Author Topic: HTML Code oversized  (Read 2626 times)

lnminente

  • Jr. Member
  • **
  • Posts: 73
    • ICQ Messenger -
    • AOL Instant Messenger -
    • Yahoo Instant Messenger -
    • View Profile
    • Email
HTML Code oversized
« on: July 03, 2002, 01:46:50 AM »
Sorry, I don't know HTML code, but read this.

I have seen webs that bypass the filters, oversizing the code.
Putting too many tabulators between > and <. When the size is bigger than 512 bytes or 1024 bytes, the filter don't go.

Would be good, to have a filter that reduce the size of the html pages, converting that (tabulators are represented as (tab)):

<center>(tab)(tab)(tab)(tab)(tab)(tab)(tab)(tab)(tab)(tab)(tab)(tab)<div align="center">(tab)(tab)(tab)(tab)(tab)(tab)(tab)(tab)(tab)(tab)(tab)(tab)(tab)(tab)(tab)<center>(tab)(tab)(tab)(tab)(tab)(tab)(tab)(tab)(tab)(tab)(tab)(tab)(tab)(tab)(tab)(tab)(tab)(tab)(tab)<center>(tab)(tab)(tab)(tab)(tab)(tab)(tab)(tab)(tab)(tab)(tab)(tab)(tab)(tab)(tab)(tab)(tab)(tab)(tab)(tab)(tab)(tab)(tab)(tab)<div align="center">


In that (with enters and erasing tabulators):

<center>
<div align="center">
<center>
<center>
<div align="center">


I'm working in a filter, but I don't obtain that i would like

[Patterns]
Name = "Reduce size of HTML code"
Active = FALSE
Bounds = ">*<"
Limit = 2048
Match = ">1s2<"
Replace = ">1 2<"

Edited by - lnminente on 06 Jul 2002  03:54:03
 

sidki3003

  • Sr. Member
  • ****
  • Posts: 476
    • ICQ Messenger -
    • AOL Instant Messenger -
    • Yahoo Instant Messenger -
    • View Profile
    • http://
    • Email
HTML Code oversized
« Reply #1 on: July 25, 2002, 08:26:44 PM »
Hi lnminente,

I don't get the point.
If you don't use bounds there is no hardcoded byte limit.
If you use bounds the "limit" part of the filter allows you to choose a byte limit up to 32768.

sidki


 
 

lnminente

  • Jr. Member
  • **
  • Posts: 73
    • ICQ Messenger -
    • AOL Instant Messenger -
    • Yahoo Instant Messenger -
    • View Profile
    • Email
HTML Code oversized
« Reply #2 on: July 25, 2002, 11:21:17 PM »
Many thanks sidki3003 and sorry for my poor english.

I am confused, because sometimes "Flash animation killer" works well and other times don't work with the default config of 4.3 version.
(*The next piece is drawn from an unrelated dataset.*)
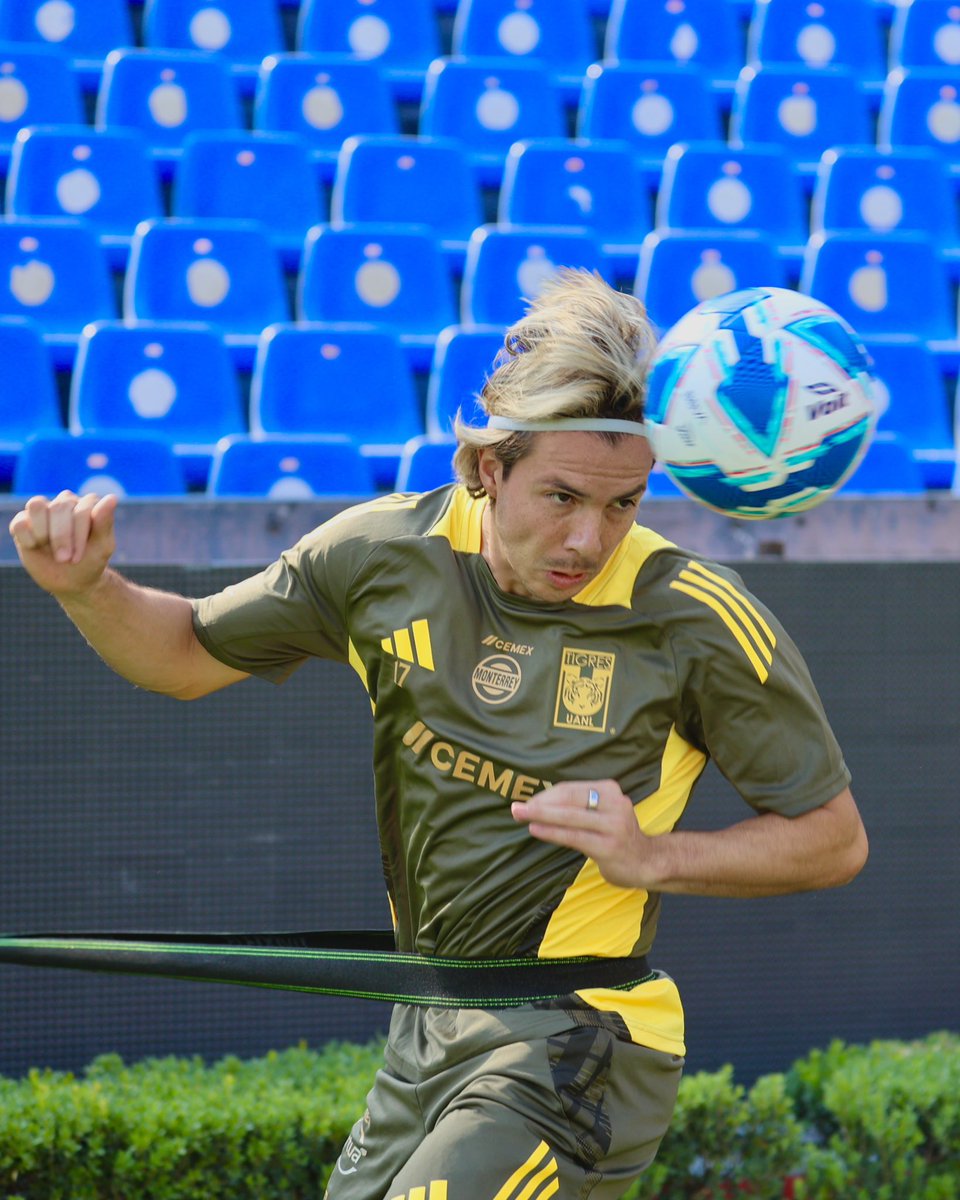 Club Tigres 🐯 tweet media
I modified some filters and now the flash killer works when code is "oversized".

 
 

sidki3003

  • Sr. Member
  • ****
  • Posts: 476
    • ICQ Messenger -
    • AOL Instant Messenger -
    • Yahoo Instant Messenger -
    • View Profile
    • http://
    • Email
HTML Code oversized
« Reply #3 on: July 26, 2002, 12:26:57 AM »
Good to hear it worked for you
I have to increase the byte limits of certain filters all the time LOL.

sidki

 
 

TEggHead

  • Jr. Member
  • **
  • Posts: 93
    • ICQ Messenger - 21893433
    • AOL Instant Messenger -
    • Yahoo Instant Messenger - eljarec
    • View Profile
    • Email
HTML Code oversized
« Reply #4 on: July 29, 2002, 10:39:27 AM »
I see what you mean, sometimes the added whitespace makes the total character count for a block of html just a bit too large to fit in the bounds specified by a filter, resulting in stuf slipping thru.

But I totally disagree with Sidki about there not beeing a hardcoded limit, no matter if you use bounds or not, a filter will never work if the specified limit is not large enough to fit the smallest required block of html bounded by the tags as targeted by the filter.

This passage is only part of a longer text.